§ **What to produce**
Work through the listing below and give again exactly the lines from the one with "Unbranded High Collar" to the one with "Pack (Silver,Warm White)", both ends included. All other lines and all pictures stay out.

§ **The data**
· · · ·
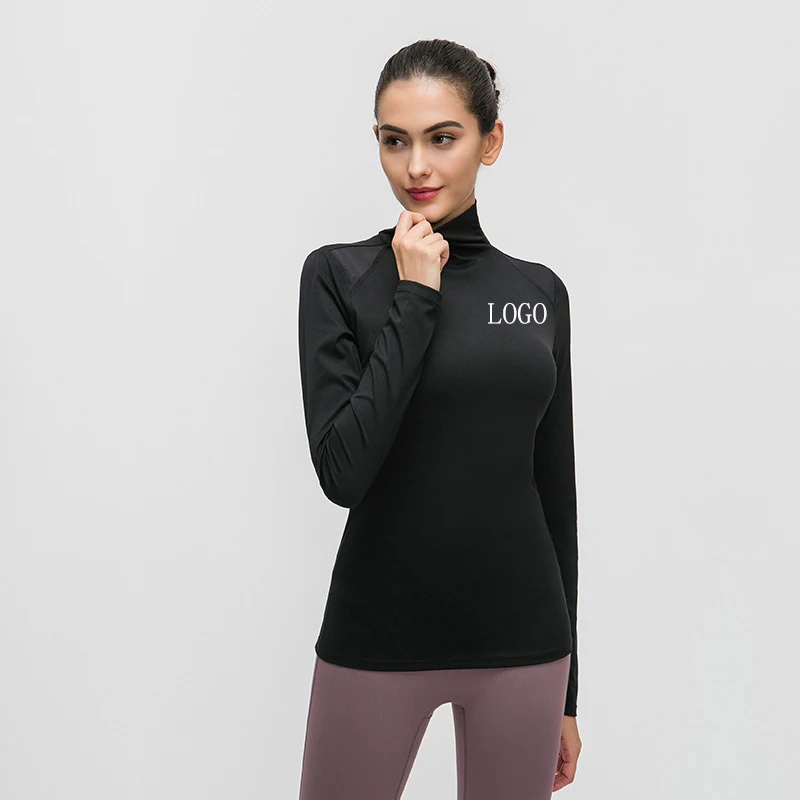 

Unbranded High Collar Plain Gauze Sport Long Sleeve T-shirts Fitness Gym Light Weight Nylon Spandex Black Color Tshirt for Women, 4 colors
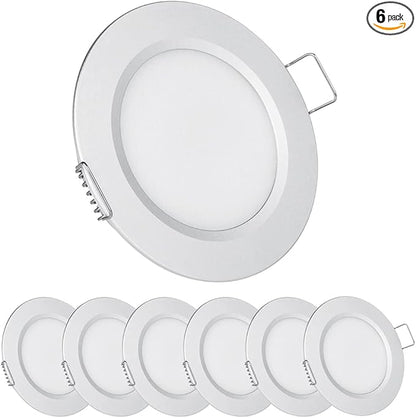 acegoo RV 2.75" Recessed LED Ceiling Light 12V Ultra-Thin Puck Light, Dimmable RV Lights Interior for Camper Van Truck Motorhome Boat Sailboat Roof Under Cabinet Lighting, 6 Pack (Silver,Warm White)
· · · ·
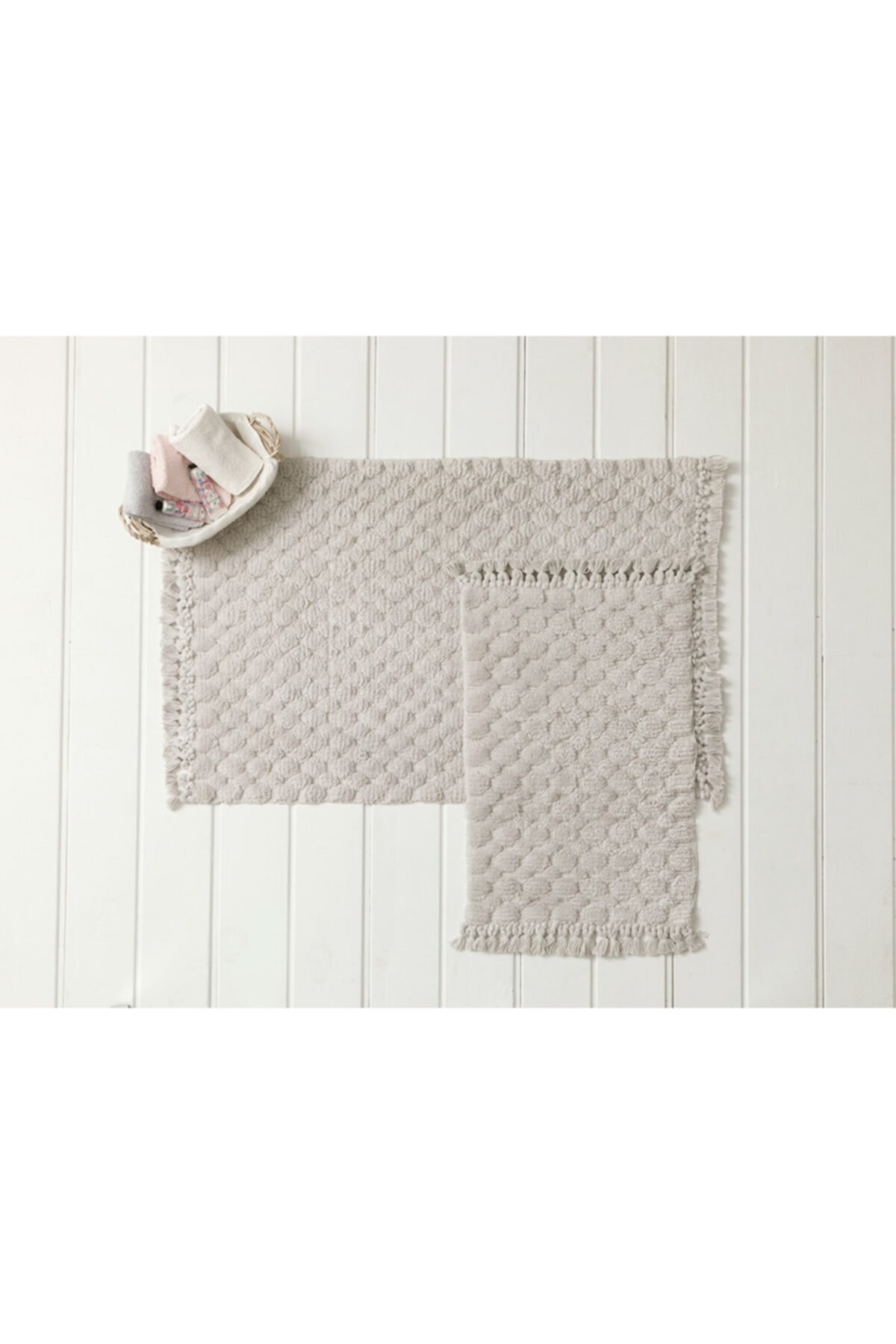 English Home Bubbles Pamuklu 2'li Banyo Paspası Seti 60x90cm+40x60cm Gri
· · · ·
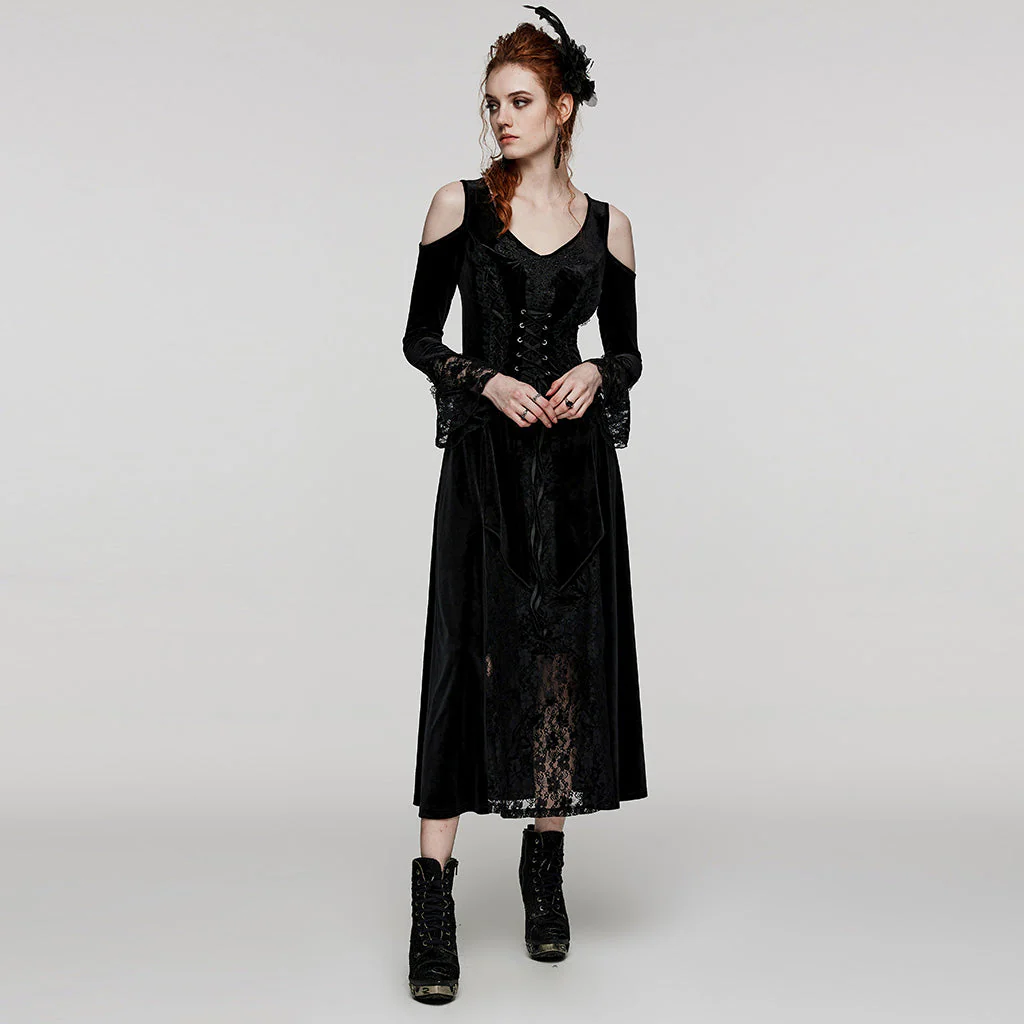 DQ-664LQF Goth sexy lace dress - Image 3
· · · ·
§ **Task answer**
Unbranded High Collar Plain Gauze Sport Long Sleeve T-shirts Fitness Gym Light Weight Nylon Spandex Black Color Tshirt for Women, 4 colors
 acegoo RV 2.75" Recessed LED Ceiling Light 12V Ultra-Thin Puck Light, Dimmable RV Lights Interior for Camper Van Truck Motorhome Boat Sailboat Roof Under Cabinet Lighting, 6 Pack (Silver,Warm White)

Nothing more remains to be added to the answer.